From the line that contains "1962 Holiday Rd, Coralville, IA 52241" to the end of the entries, copy each line exactly, though the pictures stay out.

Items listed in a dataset

* * * * * * *

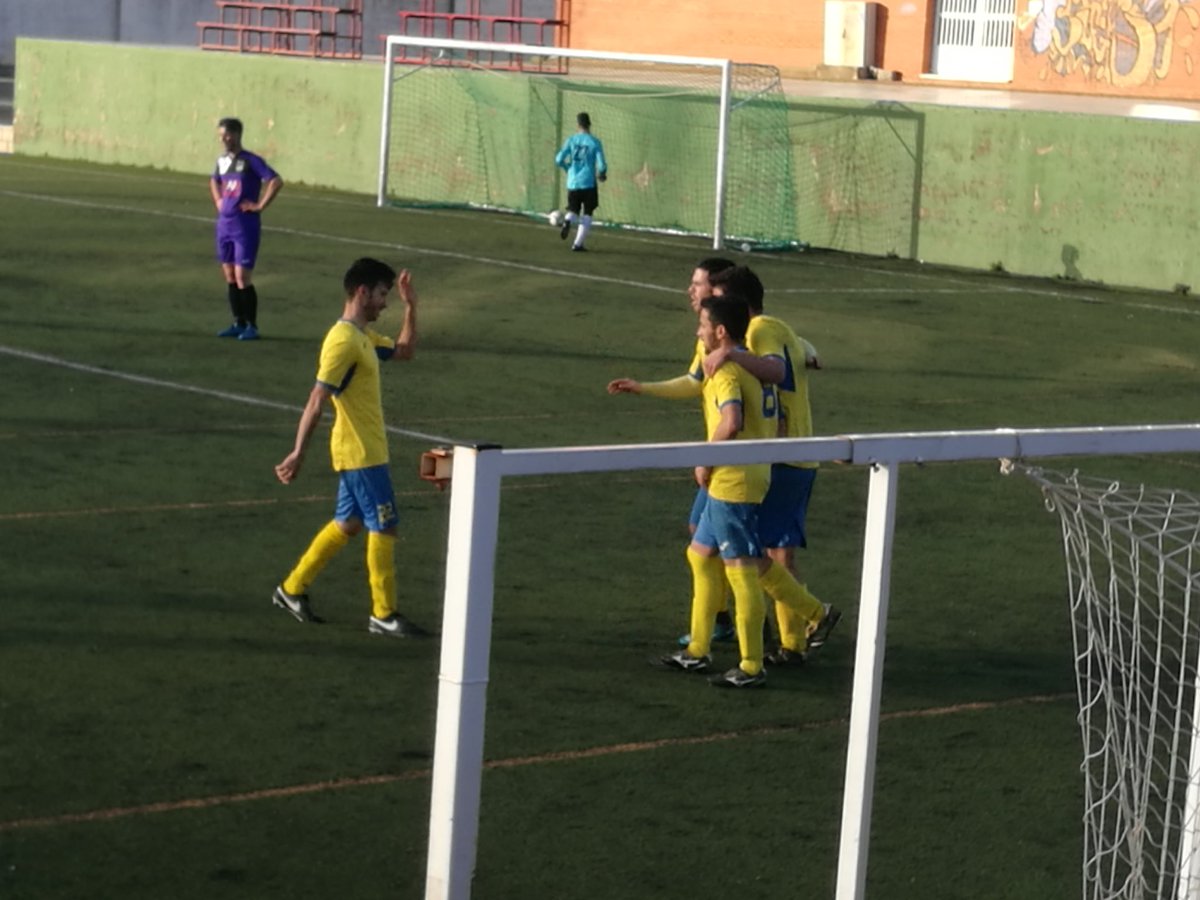 SolanaEMD's tweet photo. ⚽⚽⚽ GOL |

@CDSanMarcos1 0
@SolanaEMD 3 (@aleals) https://t.co/U4smTZ0DrE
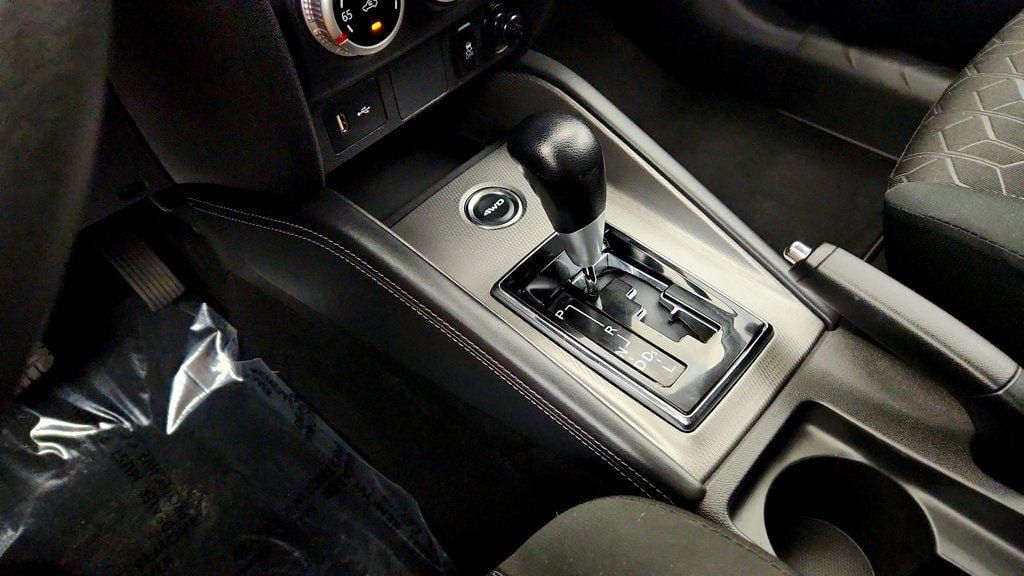 Used 2024 Mitsubishi Outlander Sport ES AWD/4WD image 16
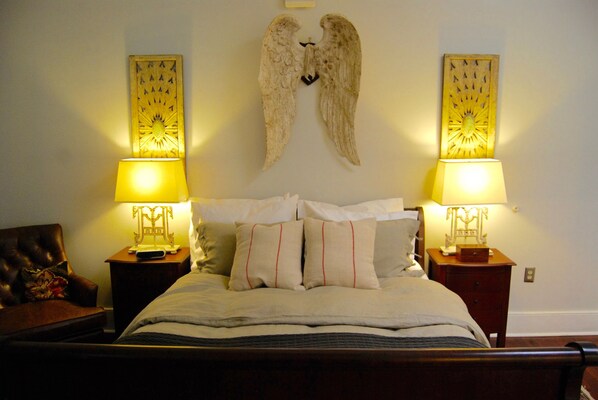 Een strijkplank/strijkijzer, gratis wifi, beddengoed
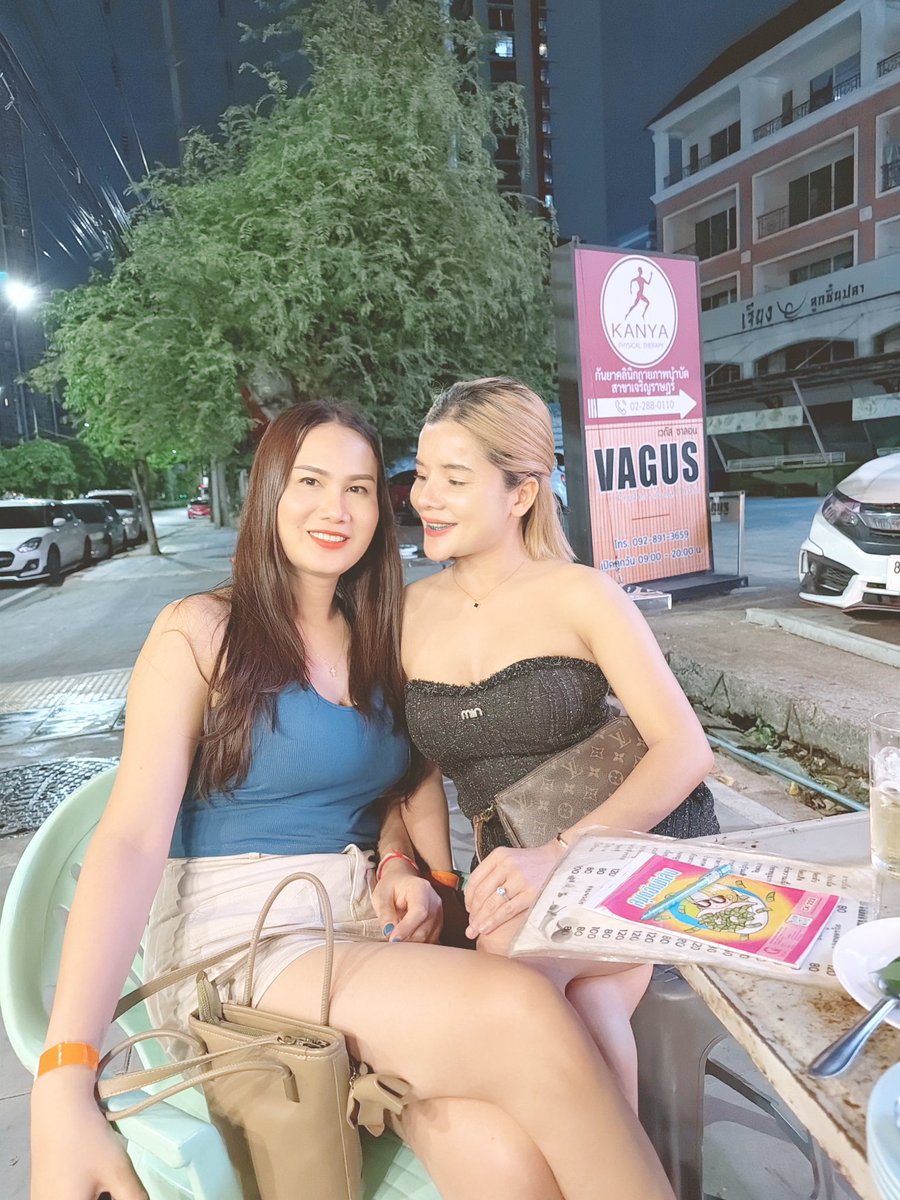 jaeng2504's tweet photo. วันนี้เรามากัน2คน กับเพื่อนสาว https://t.co/W5OzwVbUvW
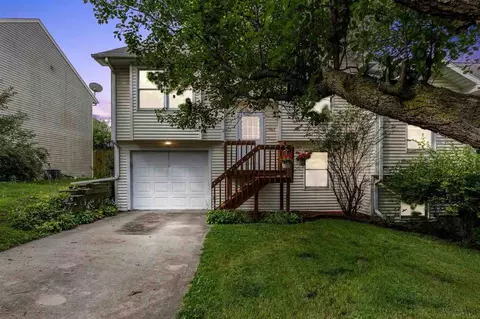 1962 Holiday Rd, Coralville, IA 52241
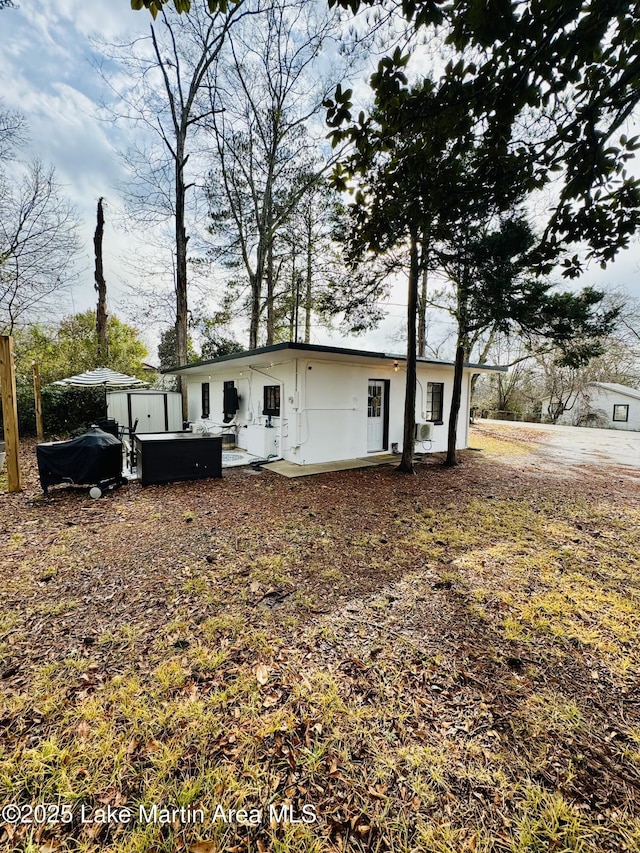 view of front of property with a jacuzzi and a patio area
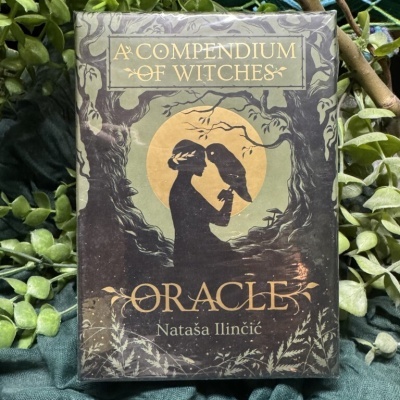 Caixa de cartas Oracle A Compendium of Witches com figura feminina e corvo em design dourado e cinza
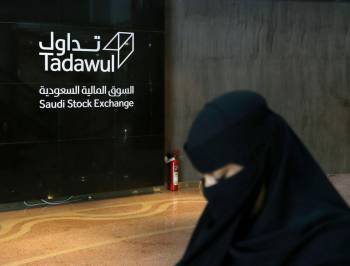 Devant la bourse d'Arabie Saoudite (Tadawul), /u00e0 Riyad, le 9 mars. Photo Ahmed Yosri. Reuters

* * * * * * *

* Reply
 1962 Holiday Rd, Coralville, IA 52241
 view of front of property with a jacuzzi and a patio area
 Caixa de cartas Oracle A Compendium of Witches com figura feminina e corvo em design dourado e cinza
 Devant la bourse d'Arabie Saoudite (Tadawul), /u00e0 Riyad, le 9 mars. Photo Ahmed Yosri. Reuters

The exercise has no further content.